El hombre sonrió ligeramente.
—¿Te parece un nombre gracioso?
—Sí.
—Sí, señor —dijo Paula, al instante.
—Sí, señor —repitió Olivia con una sonrisa.
—A mí también me lo parece —replicó el hombre.
Olivia se echó a reír.
—¿De verdad?
—Pedro es un nombre de familia; al menos eso fue lo que me dijeron.
Sus palabras contenían tanto desdén que Paula estuvo a punto de retroceder. Pero Olivia no se turbó. Señaló al perro y preguntó:
—¿Cómo se llama el perro?
—Moro.
El animal, al oír su nombre, movió la cola y abrió la boca.
Olivia se echó a reír de nuevo.
—¿Puedo acariciarlo?
—No, cariño —intervino su madre, cogiéndole el brazo.

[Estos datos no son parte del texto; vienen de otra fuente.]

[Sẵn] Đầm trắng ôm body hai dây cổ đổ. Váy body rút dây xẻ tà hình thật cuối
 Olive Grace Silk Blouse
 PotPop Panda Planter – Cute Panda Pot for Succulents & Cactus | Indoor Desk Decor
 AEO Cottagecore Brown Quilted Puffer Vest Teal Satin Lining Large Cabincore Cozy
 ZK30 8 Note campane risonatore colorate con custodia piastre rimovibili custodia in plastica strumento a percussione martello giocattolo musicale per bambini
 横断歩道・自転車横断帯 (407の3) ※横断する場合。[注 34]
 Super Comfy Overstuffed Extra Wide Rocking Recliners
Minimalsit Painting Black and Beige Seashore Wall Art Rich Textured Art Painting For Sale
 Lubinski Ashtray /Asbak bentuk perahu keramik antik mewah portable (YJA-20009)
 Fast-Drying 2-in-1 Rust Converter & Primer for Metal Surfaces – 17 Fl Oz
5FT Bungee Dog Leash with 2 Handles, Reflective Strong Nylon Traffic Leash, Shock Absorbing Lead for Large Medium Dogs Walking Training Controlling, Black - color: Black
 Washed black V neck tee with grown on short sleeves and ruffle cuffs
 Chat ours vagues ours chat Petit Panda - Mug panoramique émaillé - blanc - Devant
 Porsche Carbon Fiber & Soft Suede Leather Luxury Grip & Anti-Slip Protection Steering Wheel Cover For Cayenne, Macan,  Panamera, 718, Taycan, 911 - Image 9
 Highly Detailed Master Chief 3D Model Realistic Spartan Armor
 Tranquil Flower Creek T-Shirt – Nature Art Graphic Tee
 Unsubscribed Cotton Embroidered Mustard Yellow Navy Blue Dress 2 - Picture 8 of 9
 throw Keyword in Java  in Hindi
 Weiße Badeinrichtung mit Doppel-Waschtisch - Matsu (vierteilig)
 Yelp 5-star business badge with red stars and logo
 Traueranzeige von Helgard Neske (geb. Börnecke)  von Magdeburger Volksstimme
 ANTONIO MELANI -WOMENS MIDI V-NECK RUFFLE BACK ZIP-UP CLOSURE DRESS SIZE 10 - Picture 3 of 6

La niña volvió su atención a Pedro.
—¿Tienes tú una niña?
—Olivia, eso no es asunto…
Pedro la interrumpió.
—No, no la tengo.
—Bueno, ¿tienes un niño?
—No, tampoco.
La pequeña se quedó un momento en silencio.
—Yo tampoco tengo un padre.
Sobrevino un silencio tan denso que ni los ruidos de la naturaleza podían penetrarlo.
Paula no sabía qué deseaba más, si estrechar a la niña contra su pecho o ponerle una mordaza en la boca. No hizo ninguna de las dos cosas. Se quedó inmóvil, intensamente ruborizada.
Pero Pedro no la miraba a ella. Sus ojos no se apartaban de la niña.
—Eso es una lástima. Las niñas pequeñas necesitan un papá.
—Yo antes tenía uno.
Paula respiró hondo.
—¿De verdad? —preguntó el hombre.
—Pero mi madre y mi padre se divorciaron. ¿Sabes lo que es eso?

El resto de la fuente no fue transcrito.